La déclaration fracassante du Premier ministre sénégalais, Ousmane Sonko, devant les députés ce lundi 14 avril, a jeté un pavé dans la mare des relations économiques ouest-africaines. Affirmant que le FCFA « ne cadre pas avec [sa] vision », il a lancé un ultimatum à ses partenaires de l’UEMOA : soit la monnaie commune est réformée, soit le Sénégal « prendra ses responsabilités ». Des propos qui, au-delà de leur tonalité unilatérale, soulèvent de graves questions sur la cohérence économique et diplomatique de Dakar.
La formulation employée par Ousmane Sonko ne passe pas inaperçue. En fixant des « délais » à des pays souverains et à leurs présidents, le chef du gouvernement sénégalais adopte une posture injonctive peu compatible avec les principes de coopération régionale. L’UEMOA, union fondée sur la concertation et la solidarité monétaire, ne saurait être dirigée par des diktats unilatéraux.
Cette sortie intervient dans un contexte où le Président Bassirou Diomaye Faye, pourtant chef de l’État, semble laisser son Premier ministre prendre des initiatives qui relèvent traditionnellement de la diplomatie présidentielle. Un parallélisme des formes qui interroge : pourquoi un chef de gouvernement s’arroge-t-il le droit de menacer des partenaires régionaux, normalement interlocuteurs réservés aux présidents ?

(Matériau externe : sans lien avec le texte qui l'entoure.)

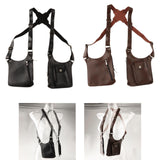 Maxbell Double Shoulder Armpit Bag Underarm Bag for Medieval Shopping Outdoor Sports Black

La phrase la plus lourde de conséquences dans le discours de Sonko est sans conteste : « soit nous prendrons nos responsabilités ». Une formulation qui laisse entendre que le Sénégal pourrait, en cas de désaccord, quitter le FCFA et créer sa propre monnaie. Une perspective qui fait froid dans le dos, tant les risques économiques sont immenses.
L’histoire récente montre qu’aucun pays africain n’a réussi à prospérer en rompant brutalement avec une zone monétaire structurante.
La Guinée-Conakry, après son indépendance monétaire en 1960, a connu des décennies d’instabilité financière. Plus récemment, la Gambie, qui utilise le dalasi, peine à stabiliser sa devise face aux pressions inflationnistes. Même le Ghana, pourtant doté d’une monnaie souveraine (le cedi), est régulièrement secoué par des dépréciations massives.
Quitter le FCFA, c’est exposer le Sénégal à une dévaluation incontrôlable (une nouvelle monnaie non adossée à des réserves solides serait vulnérable aux attaques spéculatives) et une inflation galopante (les importations, vitales pour l’économie sénégalaise, deviendraient plus chères).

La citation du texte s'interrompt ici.